Friday, 19 August 2011

Equities Mixed As HP Plummets And Gold Marks A New High, As Usual



Hewlett-Packard and Bank of America were under pressure given weak earnings and news of continued layoffs, respectively.

U.S. equities opened in the red and were off their lows in early trading in New York, and trying to break into positive territory.  The Dow Jones Industrial Index was in the red, down 0.3% to 10,958 by 10:08 a.m.  The S&P 500 slid 0.1% to 1,139 while the Nasdaq turned positive and was trading up 0.3% to 2,388.

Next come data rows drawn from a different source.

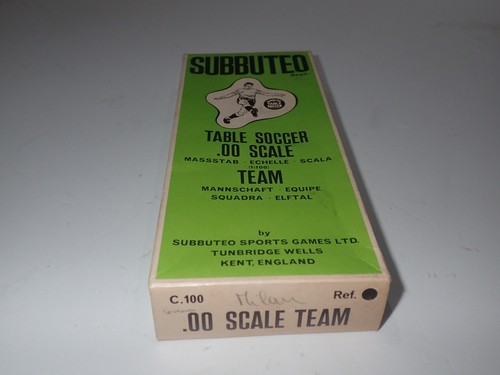 Subbuteo 100 scale team - scale,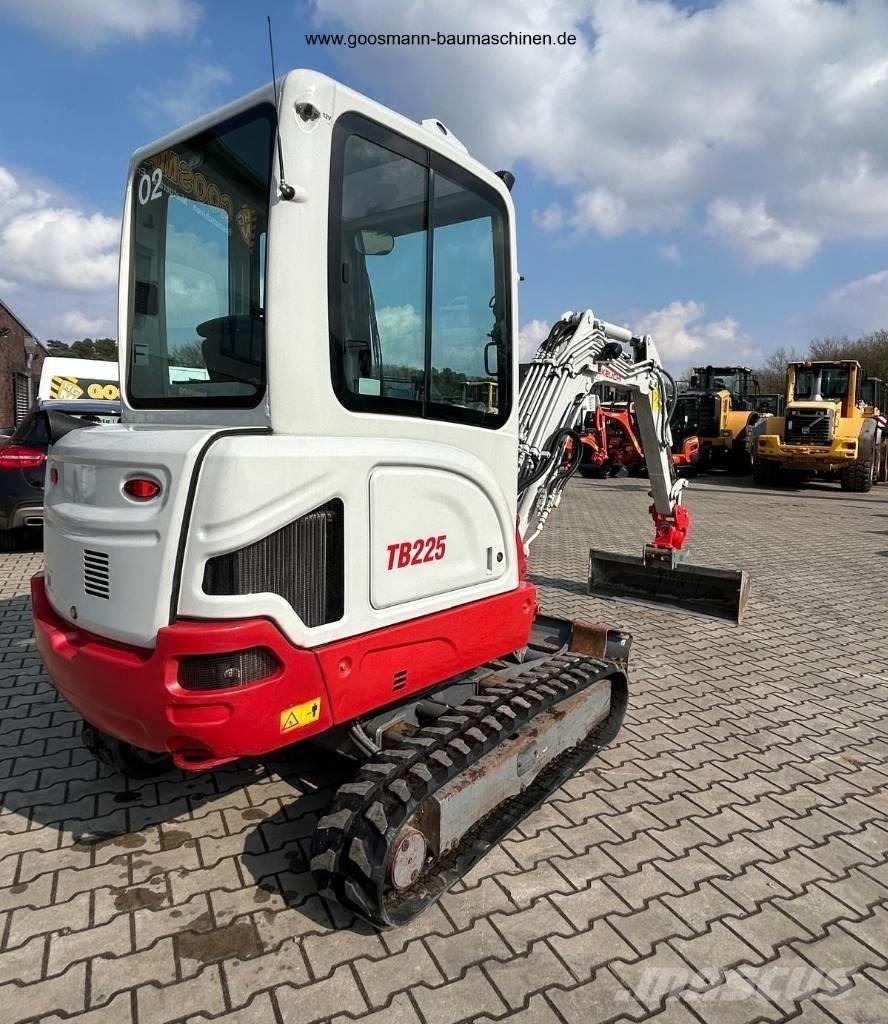 Takeuchi TB 225 Miniescavadeiras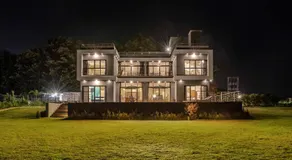 StayVista at Watermark Villa - Image 4
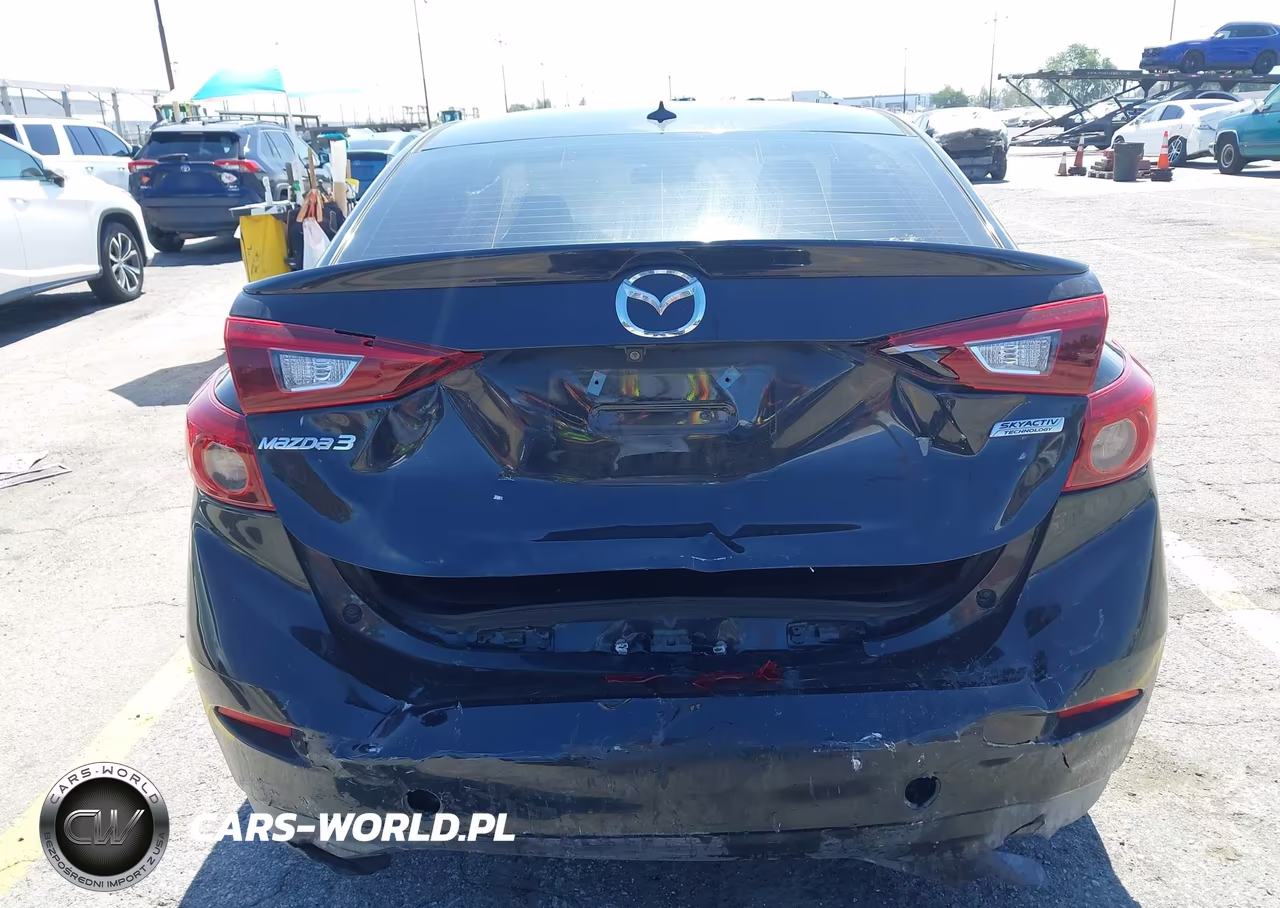 2018 Mazda Mazda3 Grand Touring VIN:3MZBN1W36JM185796 - 16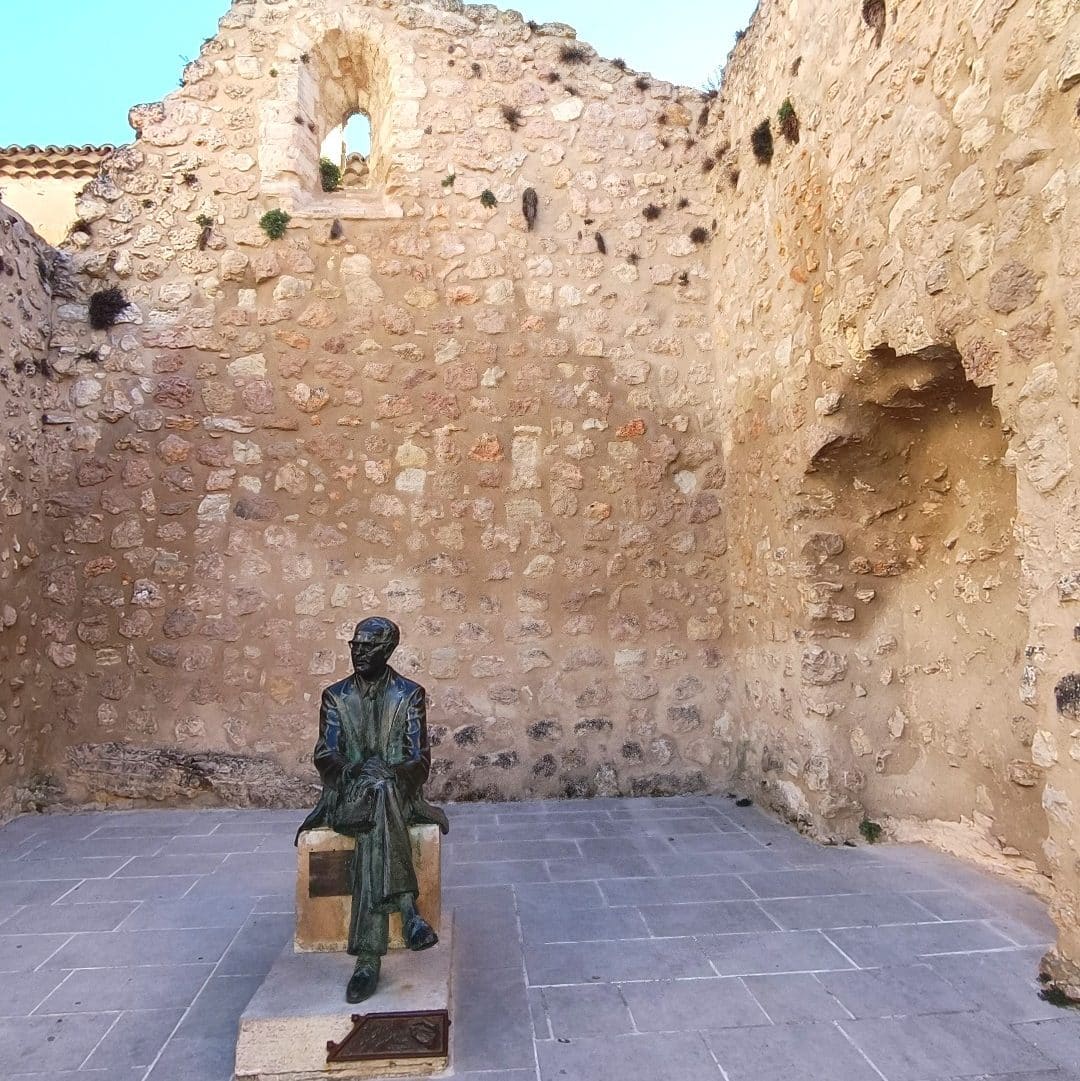 Escultura de Federico Muelas en las ruinas de la iglesia de San Pantaleón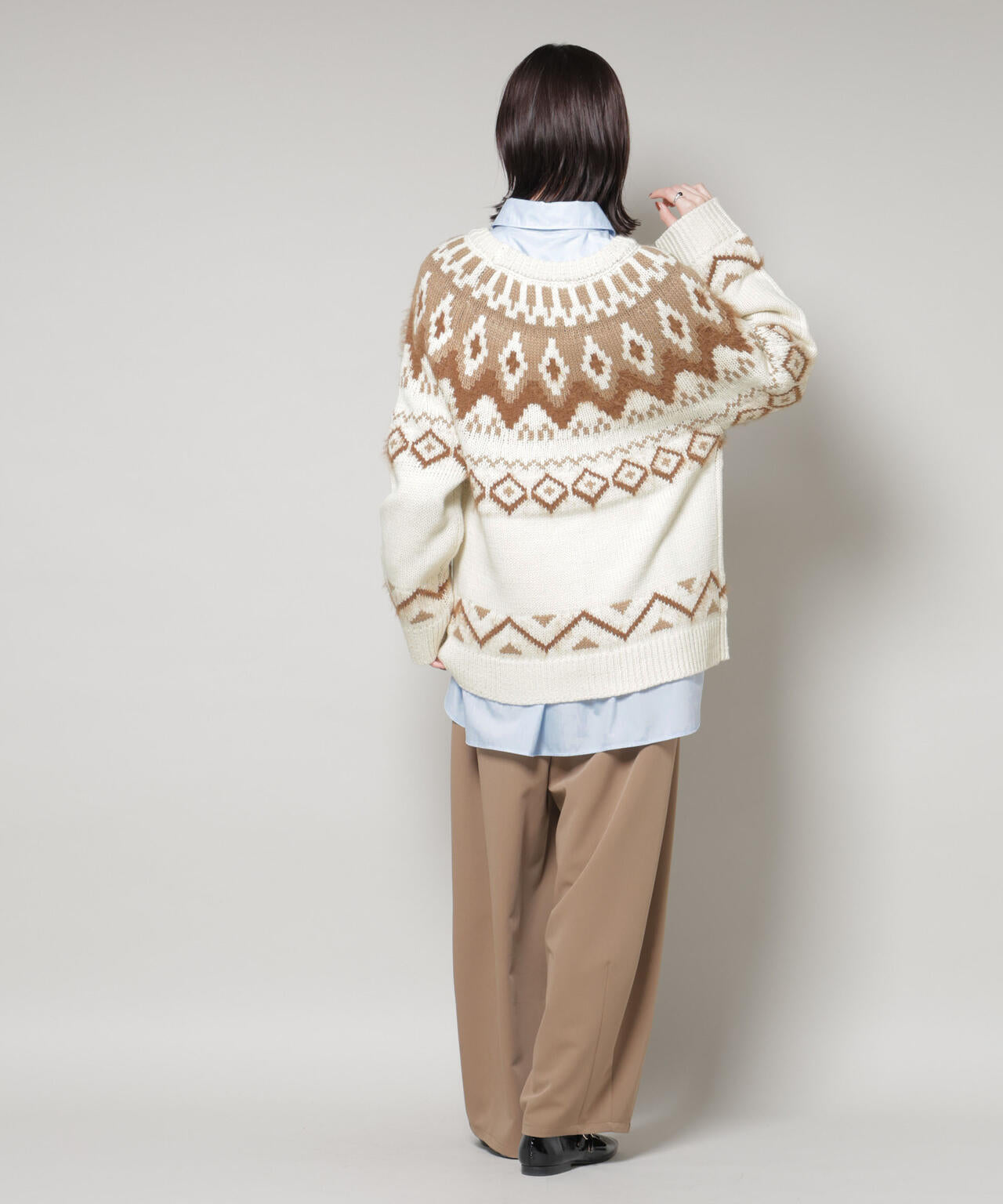 シャギーミックス求心柄ニットトップス 6735222350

After a disastrous Thursday session that saw the Dow fall more than 500 points at one point, growth concerns fueled continued risk aversion.  Shares across Asia fell hard, as did those in Europe.

Gold hit a fresh nominal all-time high of $1,877 per ounce early in the U.S.  The shiny metal recently had retreated to $1,854.60.  Yields on benchmark 10-year Treasuries dipped below 2% on Thursday, but found support and jumped to 2.097% during early trading Friday.

Hewlett-Packard was the session’s biggest loser, down 22.2% or $6.55 to $22.96.  After announcing it was spinning off its PC business, HP released earnings that deeply disappointed investors, sending the stock into a free fall.  The company run by Leo Apotheker cut its guidance and announced it was set to acquire software maker Autonomy for $11 billion.

Bank of America was another stock under pressure after CEO Brian Moynihan reportedly told managers they were expecting to cut 3,500 jobs this quarter.  Shares in BoA opened in the red on Friday and bounced off the day’s lows, but remained in negative territory. BofA was trading down 0.9% or 6 cents to $6.95.